In his 1992 book, Anti-Classical Political Economics, economist Tairyo Murakami analyzed the development of the global economy. According to Murakami, before the Industrial Revolution, society was based on self-sufficient production of agricultural products, handicrafts and trading of surplus products. Machinery gave people vast potential for controlling structures, natural objects and space. This potential for mechanical control was the source of values after the Industrial Revolution. During the hundred years that followed the latter half of the 18th century, light industry and transportation (ships and railroads) thrived, thanks to the utilization of internal combustion engines.

During the hundred years that followed the latter half of the 19th century, new economic values were inspired by the latest technologies: mass conversion technology and the utilization of chemical reactions and energy conversion technology based on electromagnetism were made possible by advances in natural sciences, such as physics and chemistry. The automobile, heavy and chemical industries were the leading sectors of the economy. These industries are characterized by decreasing costs or increasing returns, under which economies of scale worked effectively as larger-scale production enjoyed larger economic advantages.

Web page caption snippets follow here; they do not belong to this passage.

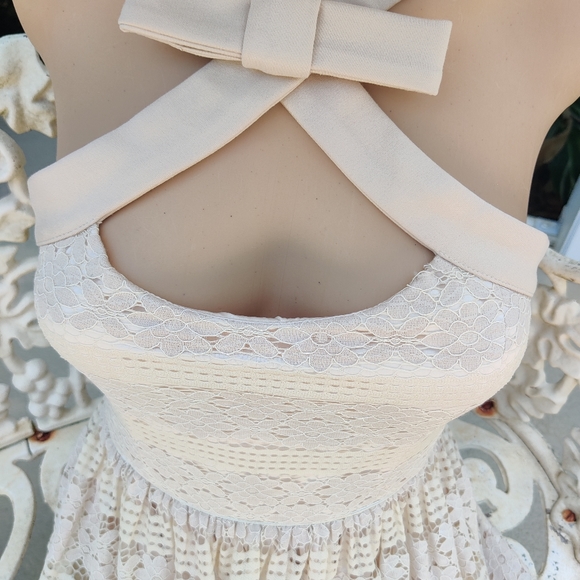 Embroidered floral lace fit and flare mini - Picture 7 of 16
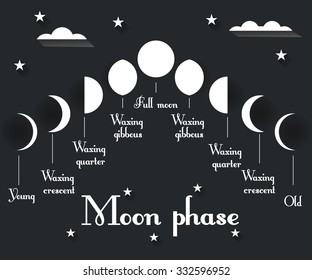 The phases of the moon. Vector illustration.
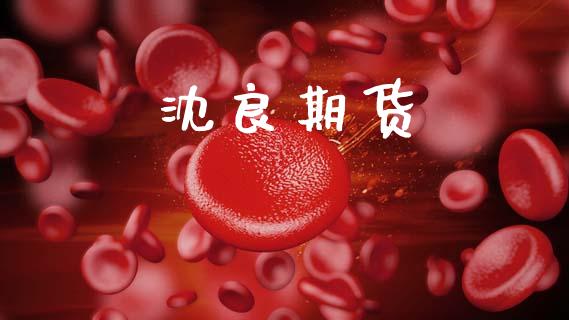 沈良期货_https://m.15771688.com_期货手续费_第1张
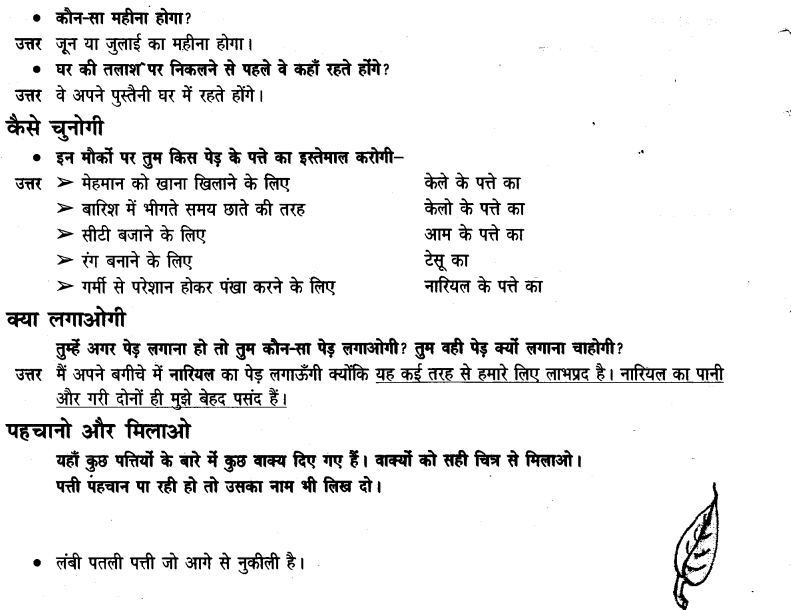 NCERT Solutions for Class 3rd  Hindi: Chapter 14-सबसे अच्छा पेड़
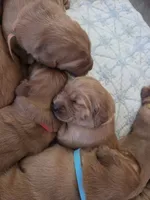 Golden Irish , a female Golden Irish for sale in Eureka, IL – 5 of 9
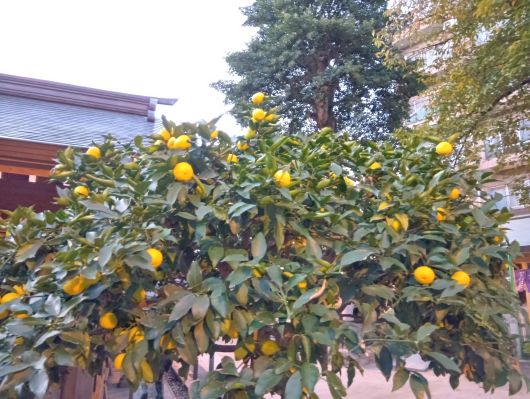 251106062833533-6»þ28ʬ-¤æ¤º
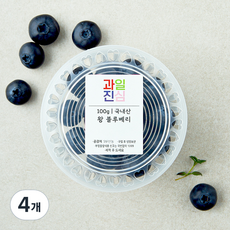 국내산 과일진심 왕 블루베리, 4개, 100g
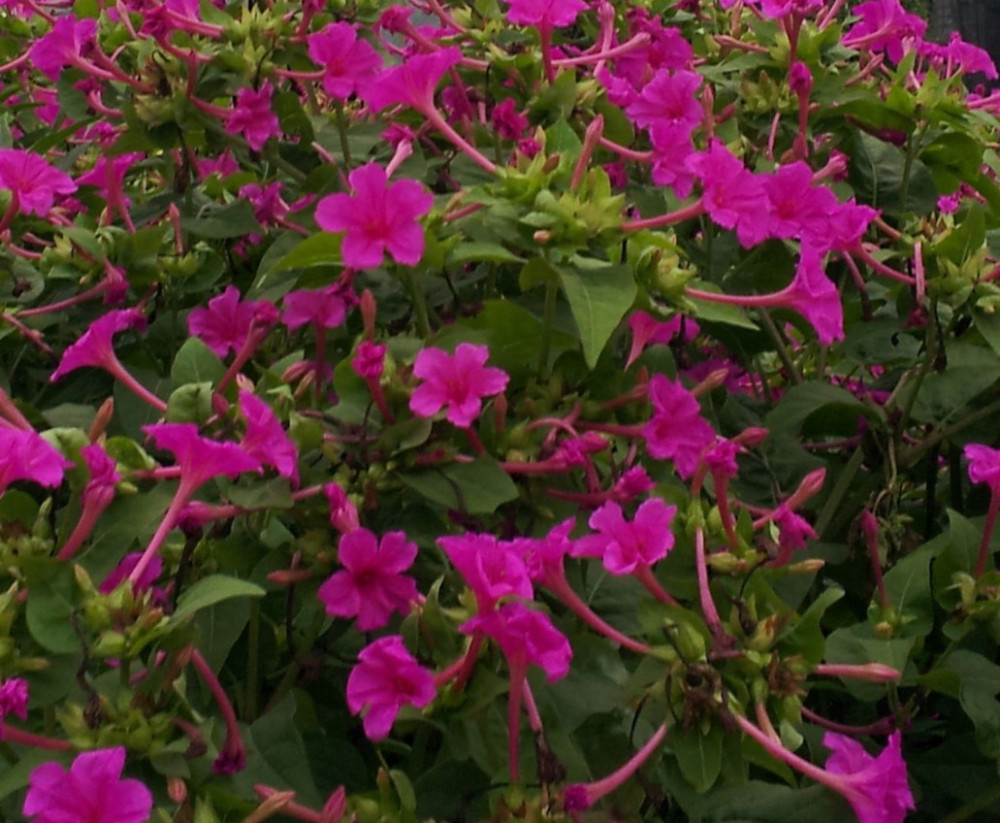 农村一种常见的花卉,不仅可以去除蚊虫,根部还可以入药!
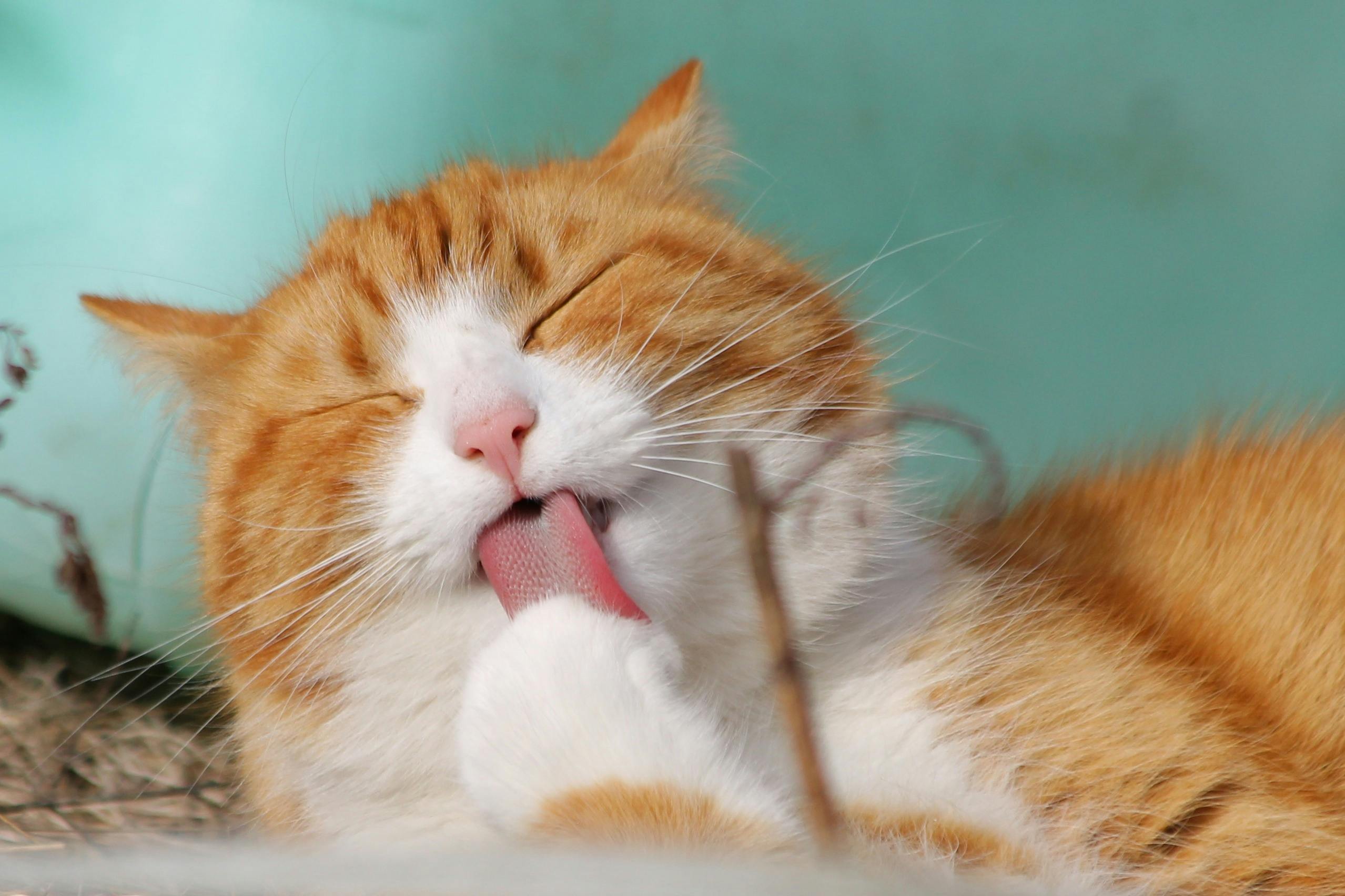 Pet Insurance Innovations and Ownership Debates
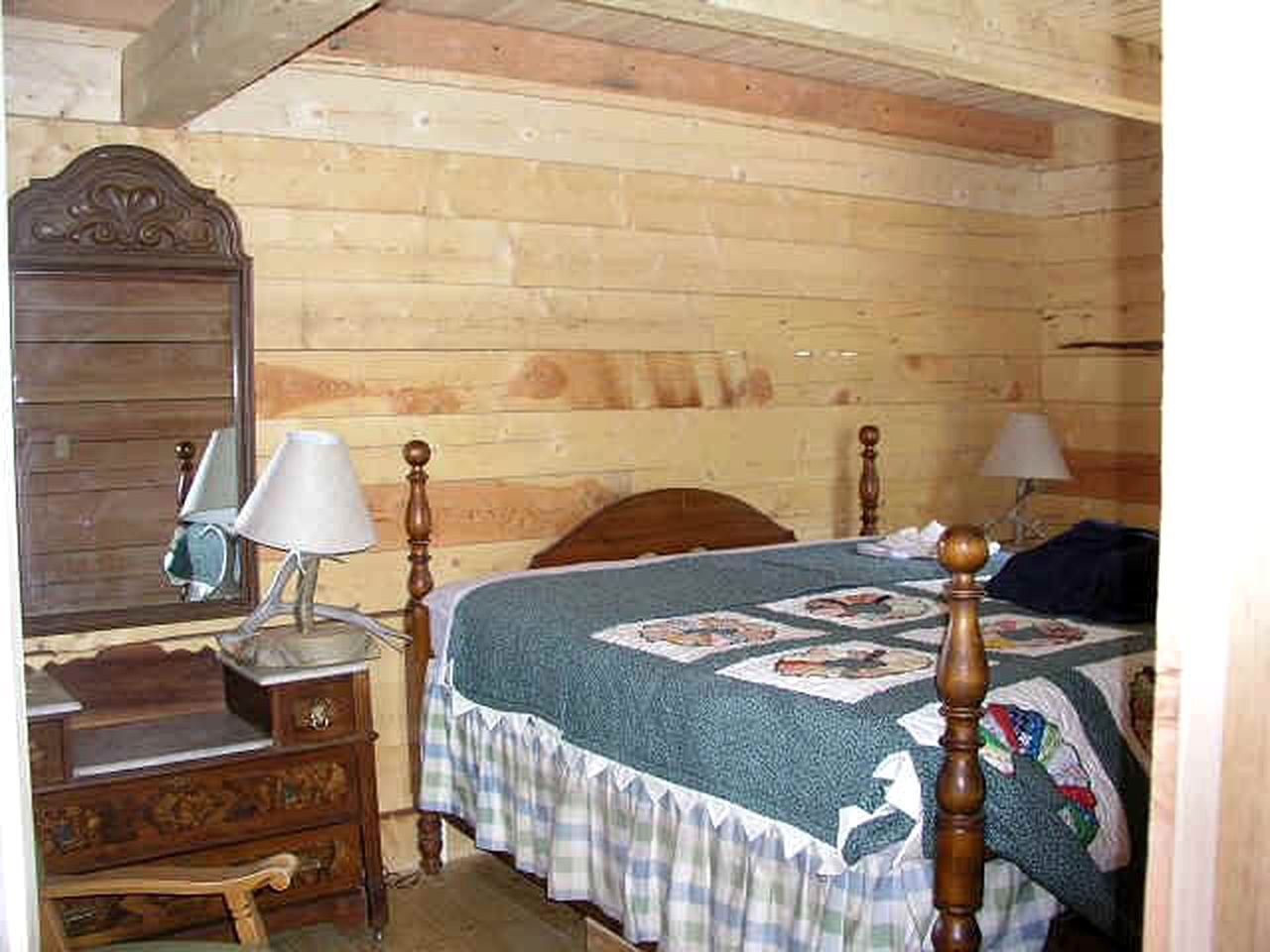 Authentic Log Cabin Rental with Wood from the San Juan Forest near Lake City Ski Hill, Colorado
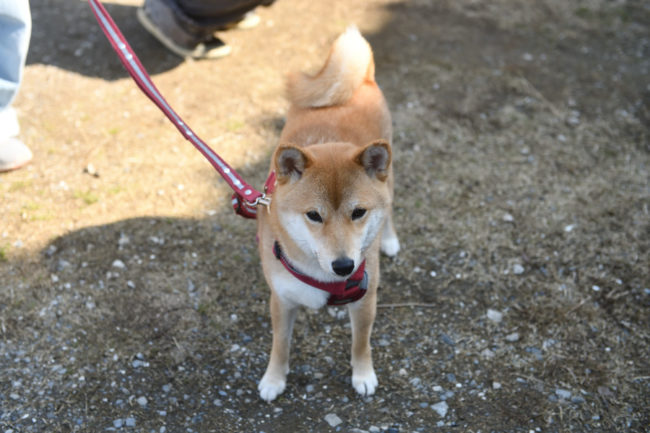 柴犬蘭ちゃん1歳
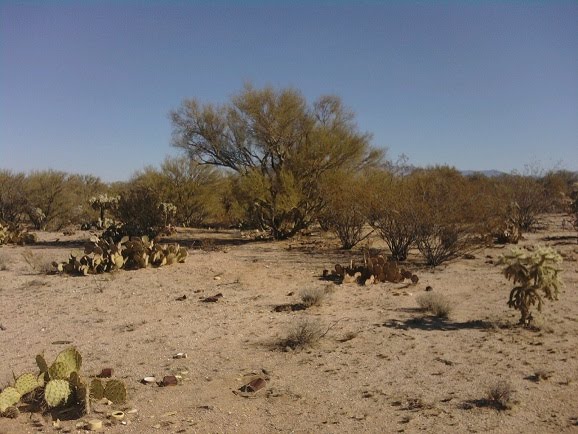 Nice Tree at Fantasy Island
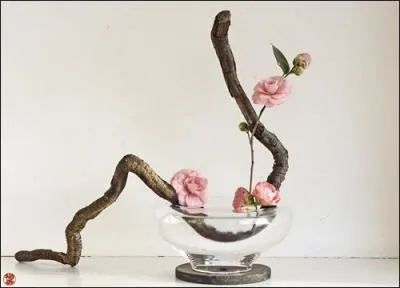 L'ikebana est l'art de la composition ... au Japon.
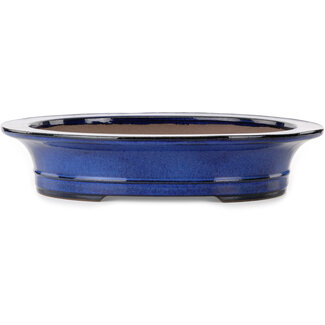  Kakuzan Maceta ovalada azul para bonsái de 704 mm de Kakuzan, Tokoname, Japón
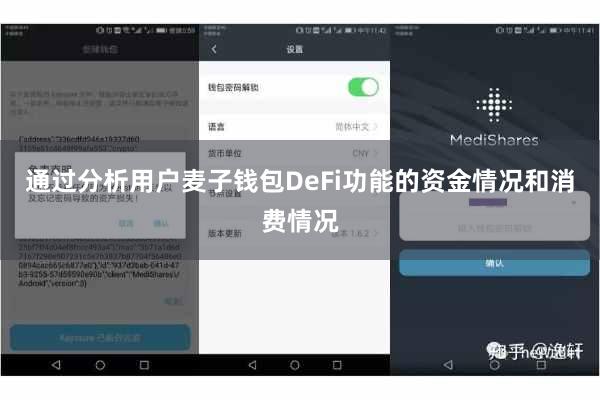 通过分析用户麦子钱包DeFi功能的资金情况和消费情况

As literary critic Kojin Karatani pointed out, a controlled economy under totalitarianism and communism and the economic intervention of Keynesian economic policies were social and political means of maximizing the advantage of economies of scale through accelerated expansion and organization of manufacturing operations. These three social systems were therefore accepted by a large number of nations.

The latter half of the 20th century saw the advent of the information age. Information technology made substantial advances during the 1990s. The 19th century was distinguished by the expansion of mechanical power (Newtonian physics), while the 20th century was characterized by the enhancements in energy and material control (modern physics and chemistry) and the 21st century by the development of information control. What economic values will the information age bring us?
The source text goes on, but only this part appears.